Schools, colleges have minted money, and analysts call it
the best bet over the next two decades. Let’s see how it all fell in place.
Economy grows, companies require good people to work, with adequate skills, now
here the passion to learn is taken over by the sheer goal of acquiring skills
for ‘money’ (pay). The government is falling short of time, so private players
cash-in the opportunity and there you find yourself in the education revolution
of high tech gadgets and swanky classrooms, off course all that comes with a
hefty price. Simple economics isn't it?
To add a little flavour government decides to increase the
demand of education by keeping the reservation system intact, and hence the
problem of wrong people in the right place arises, now the right person when in
the wrong place also losses the passion to learn and indulges in the quest to
get back what he/she has paid (invested).

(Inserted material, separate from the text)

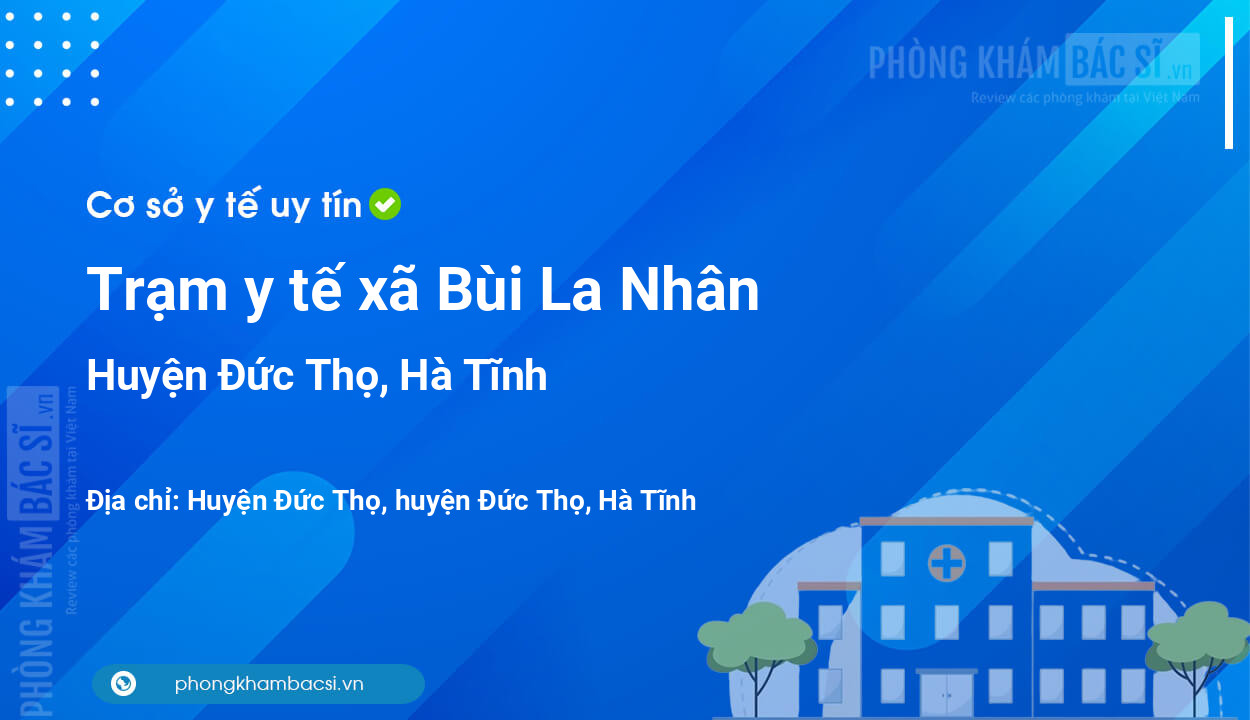 Trạm y tế xã Bùi La Nhân, huyện Đức Thọ số điện thoại và đánh giá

So you say we have narrowed it down to, two simple
aspects-
·
Passion/ Motive (Money)
·
Right person/Wrong Place
Education trusts enjoy tax benefits, hence the rich have
a good opportunity to put in their black money, but it isn’t wrong if its social
service, but to gain more black money from the existing black money, makes it a
goldmine! Wow!
Education and learning were synonymous some time during
the Ramayana, which we only remember seeing in DD (Doordarshan). Cash gives it
a new meaning all together, you teach for money we learn for money! Isn’t it
amazing, how money can corrupt something as pure as education. Now there is no
learning its education. Has anybody ever asked you, what have you learned in
life? Nah! All we hear is, what are your academic credentials? True isn’t it?
Now when you move out to the corporate or the so called
outside world to earn your daily bread, you have learnt a few extraordinary
skills like sucking up to people, portraying everything you don’t know.
Strange we enter to learn, curiosity, the ability to ask
questions, the ability to be able to reason things with logic, the skill to
accept that we don’t know so many things, and the simple yet complicated art of
accepting. In the end we have given exams scored marks and learnt the opposite
of what we were supposed to learn.
Once while sitting on a journey after my graduation,
pondering on aspects of life and its reason, I coined a line which said, “The world
doesn’t belong to the pessimist or the optimist it belongs to the opportunists.”
Education as we knew rests in pieces and is now “Edu-Cash-In”.